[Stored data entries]

= Beginning of Section =

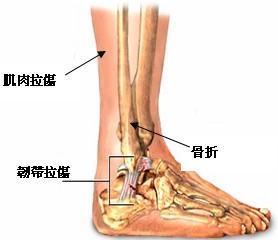腳踝,應(yīng)注意,骨折,事項(xiàng)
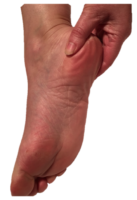 Heel pain / plantar fasciiitis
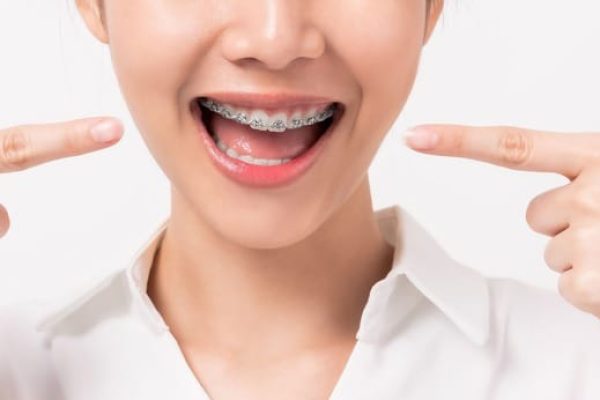face of a young smiling asian woman with braces on 2021 09 01 18 14 37 utc 1
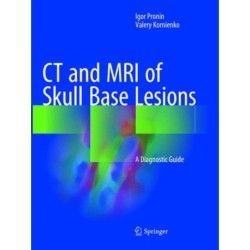 CT and MRI of Skull Base Lesions: A Diagnostic Guide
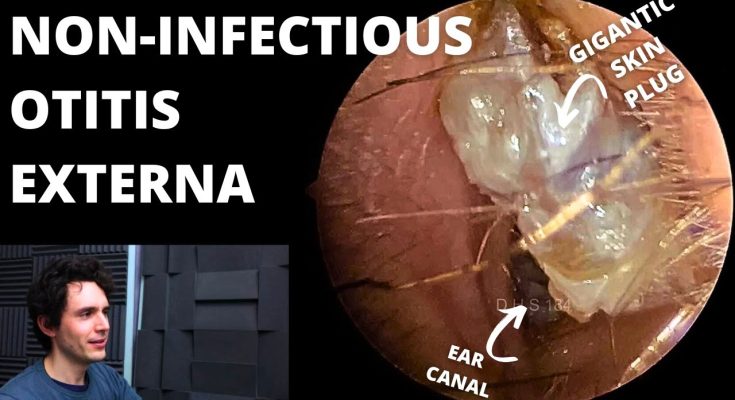 Non-Infectious Otitis Externa Underneath Dead Skin Plug (Acetic Acid Discussed)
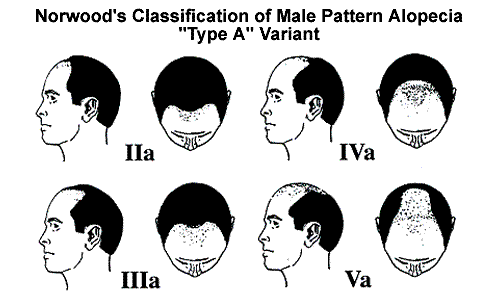 Hairline Chart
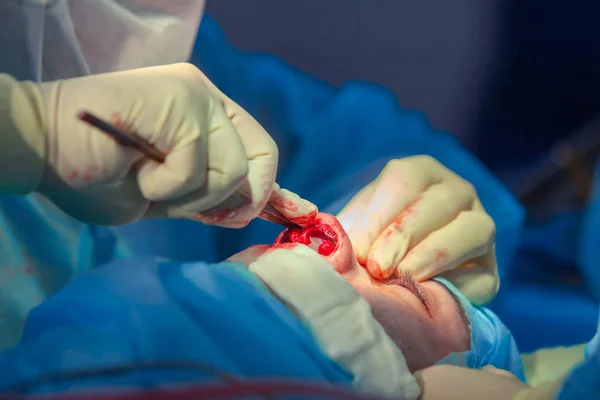 Surgeon and his assistant performing cosmetic surgery on nose in hospital operating room. Nose reshaping, augmentation. Rhinoplasty. — Stock Photo, Image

= End of Section =

Take the line containing "CT and MRI of" and all lines after it to the end of the data above, and reproduce them exactly, leaving out pictures. Nothing else belongs in the copy.

* Task response
 CT and MRI of Skull Base Lesions: A Diagnostic Guide
 Non-Infectious Otitis Externa Underneath Dead Skin Plug (Acetic Acid Discussed)
 Hairline Chart
 Surgeon and his assistant performing cosmetic surgery on nose in hospital operating room. Nose reshaping, augmentation. Rhinoplasty. — Stock Photo, Image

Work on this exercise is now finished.